17 May 2019 11:47
Autosport’s GARY ANDERSON looks at which teams might be able to take the fight to the already dominating Mercedes team in 2019.
After five rounds Ferrari is failing to live up to its tag as a Formula 1 championship contender, and any threat to Mercedes seems to be toothless. Red Bull and Max Verstappen could be the only hope of saving F1 from a foregone conclusion in 2019.
So who expected that result, then? Mercedes coming away from the Spanish Grand Prix with a one-two after dominating the race from another front-row lockout?
In a season everyone hoped would produce battle after battle, increasingly it seems that Verstappen and Red Bull are the only forces with the potential to inject the drama we're all hoping for.
Another processional Spanish GP reminds us all of how much F1 needs Verstappen fighting for wins every week. The race was typical of one where the track doesn't really offer any overtaking potential. The high-speed Campsa right-hander onto the back straight and the medium-speed turn onto the start/finish means that if you're too close behind the car you're chasing, you get understeer. In this situation, even the dreaded DRS isn't powerful enough.
I don't think we've seen a significant difference in the racing with this year's aerodynamic changes, but this is the type of problematic race that needs to be studied before defining the regulations for 2021. Otherwise, yes, the cars will look different and it will cost everyone a lot of money, but the inherent problems will remain.
And on top of that, Mercedes had a perfect weekend with first and second places for Lewis Hamiton and Valtteri Bottas and the fastest lap. That's another 44 constructors' championship points in the kitty, and for any team that's what matters.
But before Verstappen and Red Bull can do anything about Mercedes, they need to close the gap. Looking at the performance in detail, the Mercedes was very good through the final sector of the lap - Turns 10-16. This is the slower part of the Barcelona circuit.
Although the Mercedes looked a little tail-happy on corner exit, it was fast. The Ferrari looked nice to drive but with a little understeer - while to compound Ferrari's problems, Pirelli lowered the minimum tyre pressures from 20.5 to 19.5psi on Friday night. This will give more rear grip, mitigating the Mercedes traction problem and compounding the Ferrari understeer struggles.
In qualifying, the Mercedes was a rocketship through this section - about six-tenths faster than Ferrari. Now that's a lot in a 25-second section of track. I'm into percentages and that's 2.4% faster in that section, while overall the Ferrari was at 1.148% off the pace of Mercedes. So the Ferrari was stronger on other parts of the track, but since you spend a lot more time in slow corners than fast corners, if you want to gain time it's in the slow stuff that you need to be efficient.

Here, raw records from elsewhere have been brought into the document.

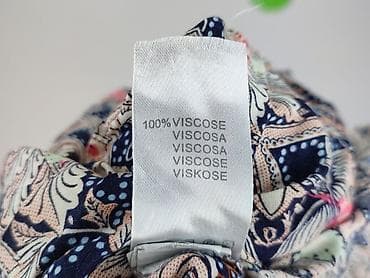 l moda: Sukienka damska, rozmiar S — 5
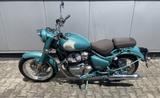 Royal Enfield Classic 650 - Offers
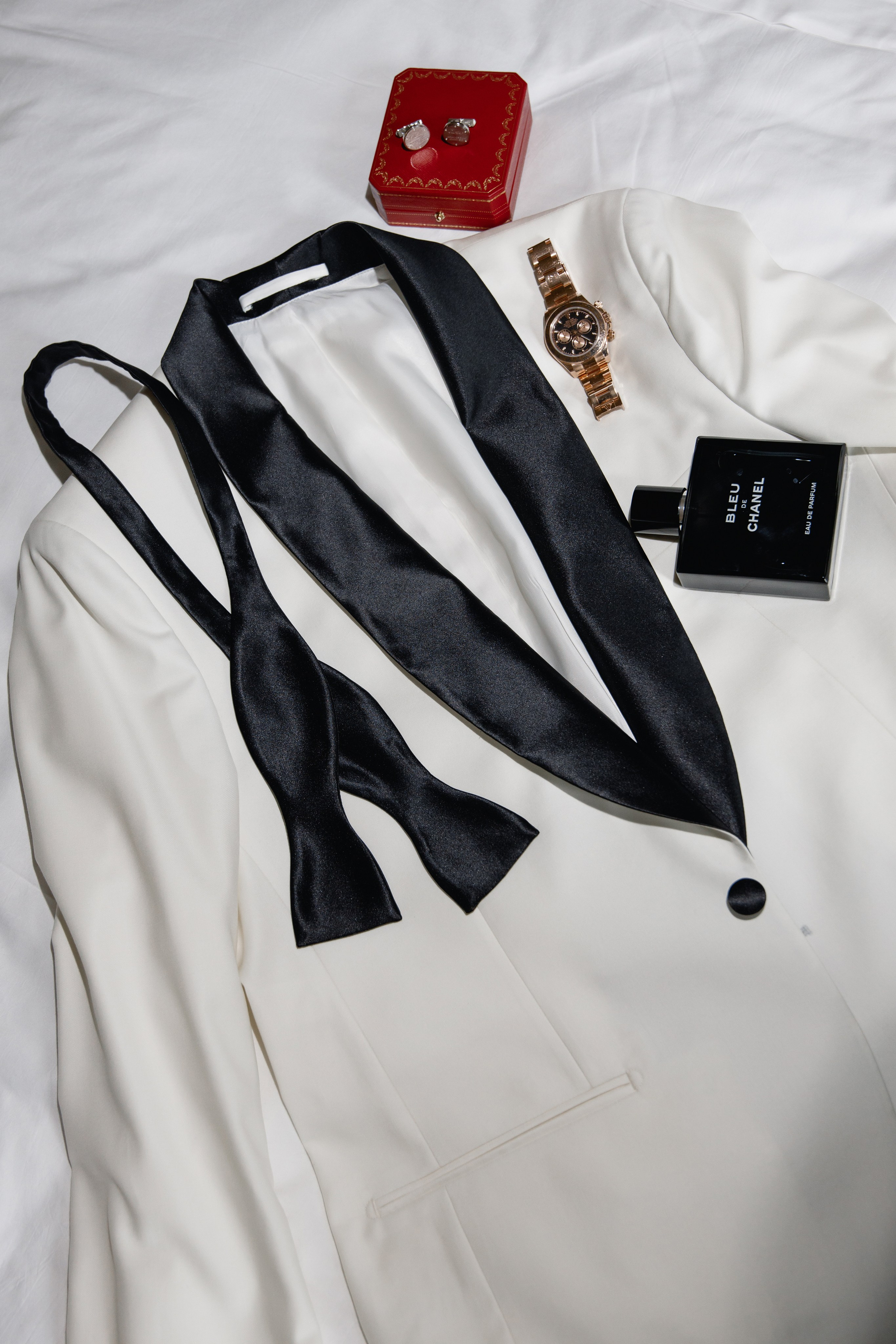 Wedding photographer Italy Rome, Tuscany, Lake Como, Sicily, Puglia. Wedding Photographer Rome Tuscany Como Sicily Puglia Amalfy Italy- Oksana Savenchuk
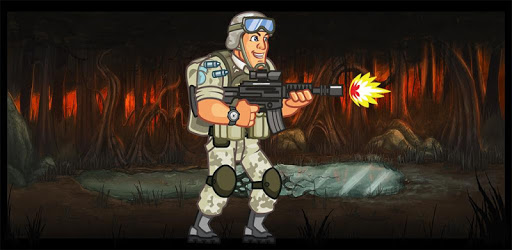 Jungle Temple Safari PC screenshot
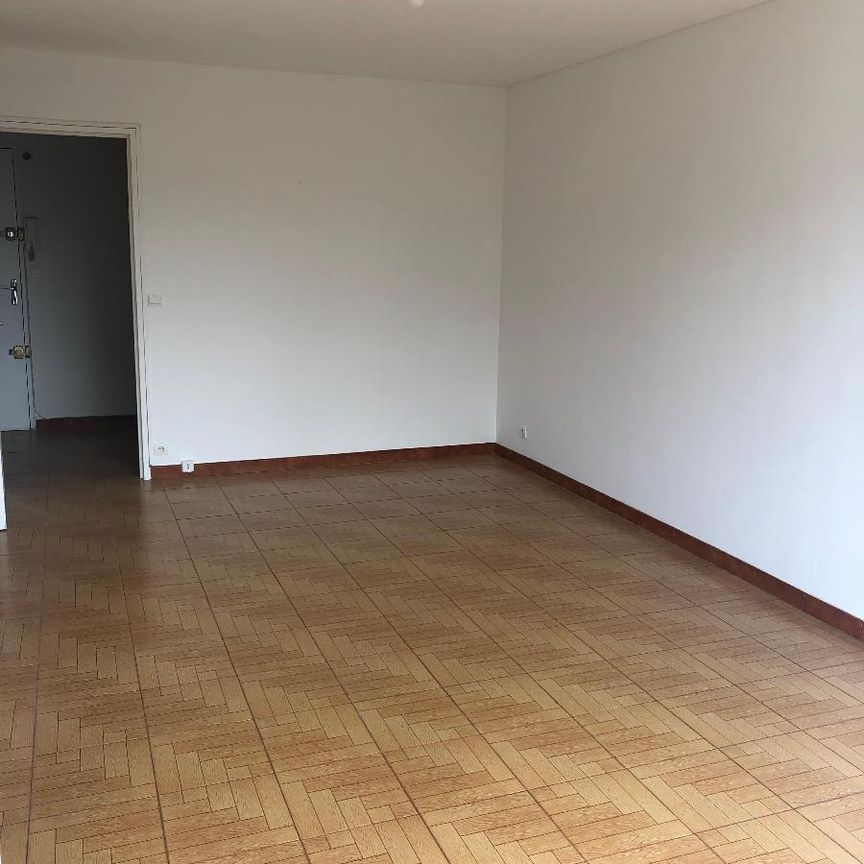 Location Appartement 2 pièces 52m² ST ETIENNE 42100 - Photo 1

These are the actual best sector-three times from qualifying for the top three teams:
1 Bottas, 25.878s
2 Hamilton, 26.112s
3 Verstappen, 26.322s
4 Gasly, 26.358s
5 Leclerc, 26.513s
6 Vettel, 26.611s
Given Ferrari dominated at the pre-season tests at Barcelona, how has this situation come about? Yes, in testing there is always a bit of sandbagging or glory runs but normally this doesn't happen with teams that are going into a season to challenge for a championship. At some point in the season that sort of thing always turns around and bites you. Is that what's happening to Ferrari now?
A few years ago, when Ferrari outpaced Mercedes in Monaco, it was probably the long wheelbase that hurt the silver cars in the slow corners. Mercedes stuck with it and believed that the extra downforce produced from the increased underfloor surface area was worth the low-speed corner problem.
By believing enough in its concept, Mercedes has now found other solutions to the low-speed problem. In fact, as the times above show, Mercedes is actually better than the Red Bull, which with its high rake used to be the best in the slow corners.
If that trend of performance in slow corners continues then Monaco should be a walk in the principality for Hamilton and Bottas. Pre-season hopes that this would be a Red Bull weekend are looking much less promising now.
Talking of Red Bull-Honda, the big question is whether it is now the one that will take the fight to Mercedes. The signs are promising, with improvements on the chassis and power unit side, while we know Verstappen is right up there with the best - but to consistently nip at the heels of Mercedes, more needs to come.